Although travel is out of the question for the foreseeable future, with my trips to India and France canceled I’ve found myself transported there by books. Two novels set in India gave me a different perspective on the land of my birth, one set in a small fishing village in the coastal south (Small Days and Nights by Tishani Doshi), a part of India less familiar to me; the other in the teeming city of Calcutta where I was born and brought up (A Burning by Megha Majumdar). The former is a story about family secrets and the long shadow they cast on the present, the latter about how increasingly nationalistic political and social forces can destroy an innocent person caught up in a web of circumstance. Amazing how foreign a familiar place can seem.
It’s equally amazing how a foreign country can sometimes feel like home when you have wonderful writers as traveling companions. I’ve long admired her short stories, but I read the novel Green Water, Green Sky by Mavis Gallant for the first time this year (published along with A Fairly Good Time), and it was a wonderful find, a story of an American mother and daughter in Europe and the complicated notions of family whether at home or abroad. As for Between Meals: An Appetite for Paris by A.J. Liebling, if you haven’t yet come across this laugh-out-loud book about food and the French in 1920’s Paris by the legendary writer for The New Yorker, then you’re in for a literary and culinary feast. Every time I read it, I think, c’est délicieux!
Doomscrolling the news left me little time or mental energy to focus on my own writing, but books about books and writers remain catnip to me. My reading list skews more heavily to fiction than non-fiction, but The Library Book by Susan Orlean, about a devastating fire in the Los Angeles public library, reads like fiction, part history, part mystery, but in any case a page-turner, large in sweep and scope. On a smaller scale, an old favorite, Look at Me by Anita Brookner, is also set in a library, and features a librarian whose keen ear and satiric eye turn her into a writer. And I really loved the travails of The Anthologist by Nicholson Baker, in which the protagonist is stuck and cannot finish the introduction to an anthology of poetry.

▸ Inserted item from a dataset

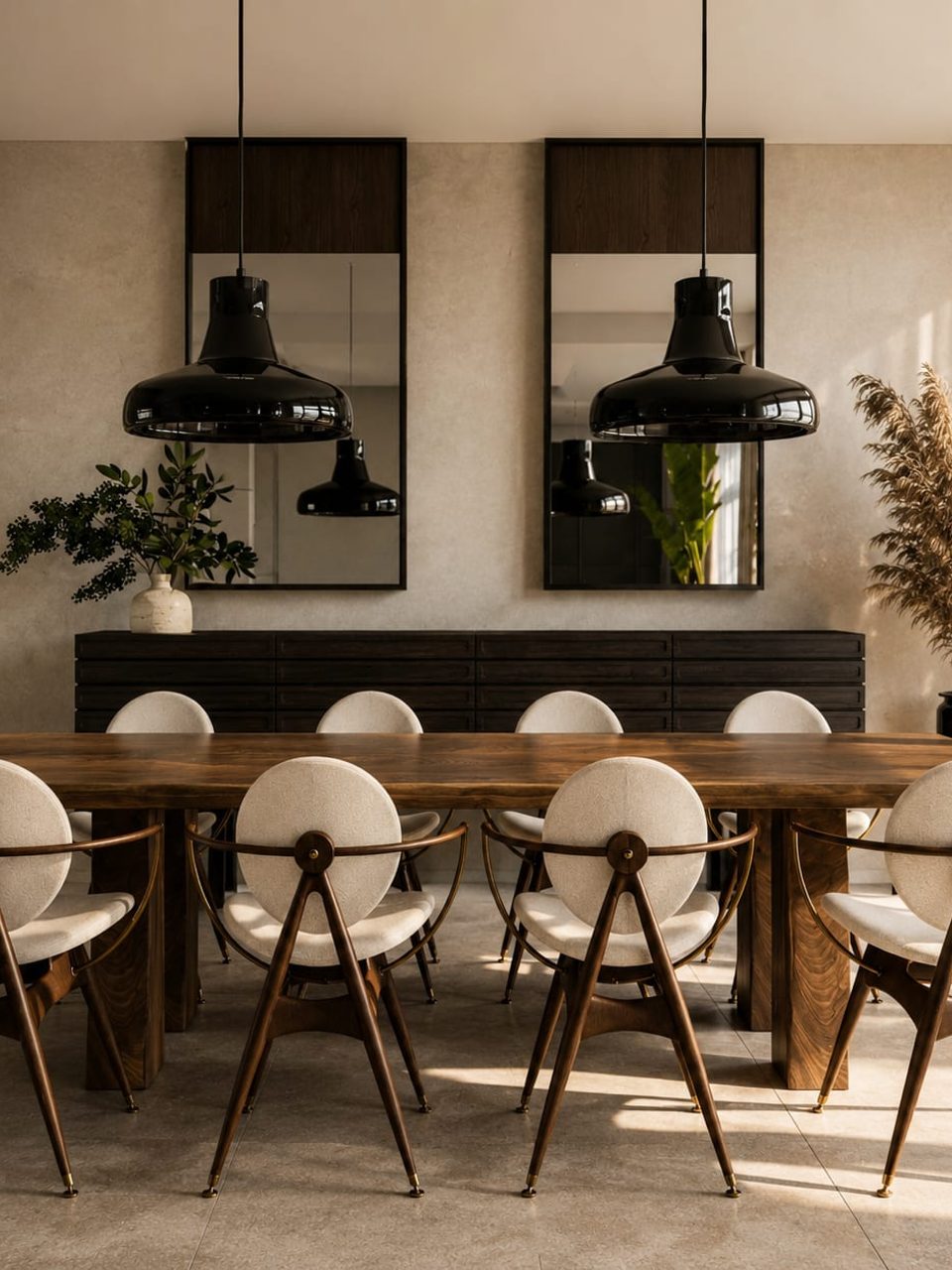 Ledru Rollin, Paris — salle à manger, rénovation d'appartement par Créa'Home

I know the feeling.
One thing 2020 emphatically was not: My Year of Rest and Relaxation, as Ottessa Moshfegh’s novel is titled. It’s been more like my year of unrest and vexation, so I’ve looked for comfort wherever I could: in a well-worn garment, faded and soft, or in binge-watching the Great British Bake-Off even though I’ve never mixed a batch of cake batter, or in reaching for books that calm my soul. I have always found balm in Gilead by Marilynne Robinson. With the arrival of Jack, the Gilead trilogy is now a quartet. We already know from the earlier books how the story ends, yet the love story of Jack and Della, revealed mostly through their long, intimate conversations, is compellingly spotlighted, even though as an interracial couple their love is exiled to the shadows. Jack, who refers to himself as the Prince of Darkness, feels he deserves no forgiveness for his scapegrace past; a minister tells him that punishment is in God’s hands, but if He is “showing you a little grace in the meantime, He probably won’t mind if you enjoy it.” This note of grace, characteristic of Marilynne Robinson, is a welcome reminder that now that the longest night of this year is behind us, we can look towards the light.